Si on critique l’économie et le travail depuis des perspectives anarchistes ou anti-autoritaires, alors à quoi bon se ranger derrière de telles positions ?
“Lutter contre le chômage” ou même “la précarité” ne veut rien dire que se battre contre des moulins. Ça ne veut rien dire d’autre : parce que le “chômage” n’existe que comme pendant du travail dans le cadre de la civilisation capitaliste, et que “la précarité” n’est que la forme moderne du salariat ou même plus généralement du travail, précaire par définition. Par conséquent, ne vaut il mieux pas s’attaquer à la racine du problème ? A savoir non pas “le néo-libéralisme de gauche”, mais le Capitalisme et l’Etat, et non pas “le chômage et la précarité” mais le Travail ! Donc peu importe les “solutions” qu’on y trouve, “le problème du chômage” est une préoccupation de politiciens, de patrons et d’économistes : et on leur laisse volontiers.
Aussi, nous ne voulons pas nous laisser enfermer dans des cachots ou des catégories politiques et socio-professionnelles qui non seulement ne nous définissent pas en tant qu’individu-e-s, mais ne suffisent pas à expliciter notre situation en termes de position sociale, de classe, d’oppression, etc. Parce qu’il y a des patrons (petits ou grands), des managers (genre “producteurs ou directeurs artistiques”) ou d’autres petits bourgeois intellectuels (notamment dans la “culture” et le “spectacle”) et pas mal d’autres ennemis de classe au chômage ou se définissant comme “précaires”, et pour qui même la situation de “sans-emploi” est soit plus “confortable”, soit différente à bien des niveaux.
En bref : Non, nous ne sommes pas “tous et toutes dans le même bateau”, ou alors dans ce cas la plupart d’entre nous sont à fond de cale pendant que certain-e-s sont en “classe vacances”.

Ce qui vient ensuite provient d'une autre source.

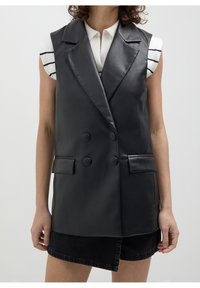 Svart faux läder ärmlös blazer med dubbelknäppta knappar, skarpa slag och fickor, bärs över en randig ärmtröja och denimshorts.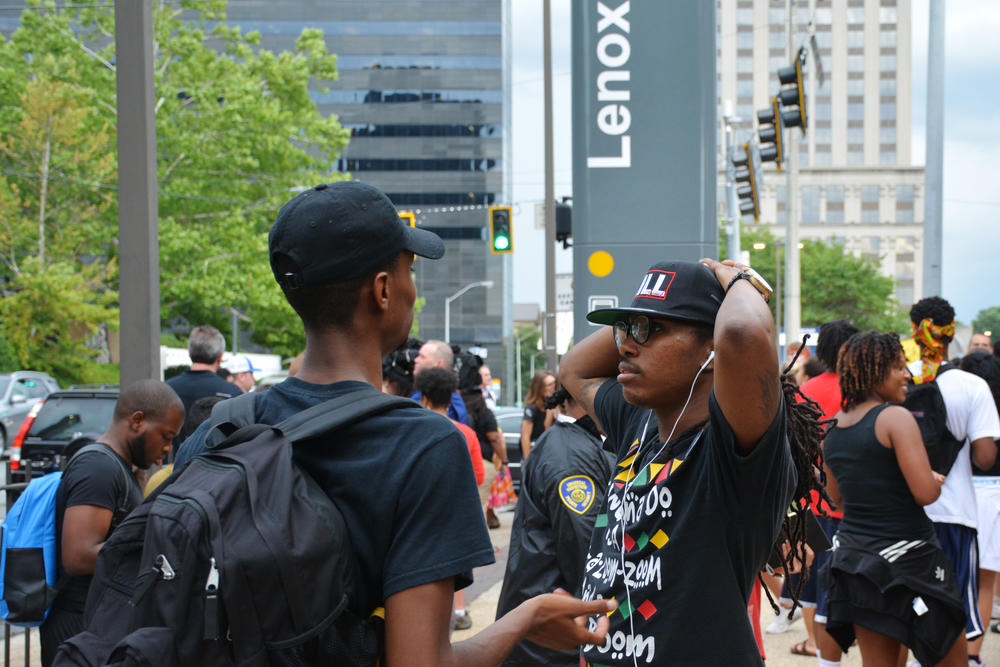 Seyoum Bey (right) discussing strategy with another protester in advance of Monday's demonstration.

D’autant qu’on peut très bien parler de la perspective de lutter spécifiquement contre les radiations ou mesures de flicage des pauvres [1], ou même de réappropriation de minimas sociaux autrement qu’en des termes innocentistes (“il n’y a pas de chômage volontaire”), misérabilistes, ou citoyennistes (même lorsque le statut de chômeur/chômeuse est affirmé positivement), ou bien qui revendiquent à la fois ces subsides comme des “droits”, leur augmentation ou versement inconditionnel comme une fin en soi, voir même une “mesure révolutionnaire” (voir le livre éponyme de “Kamo et Hazan”).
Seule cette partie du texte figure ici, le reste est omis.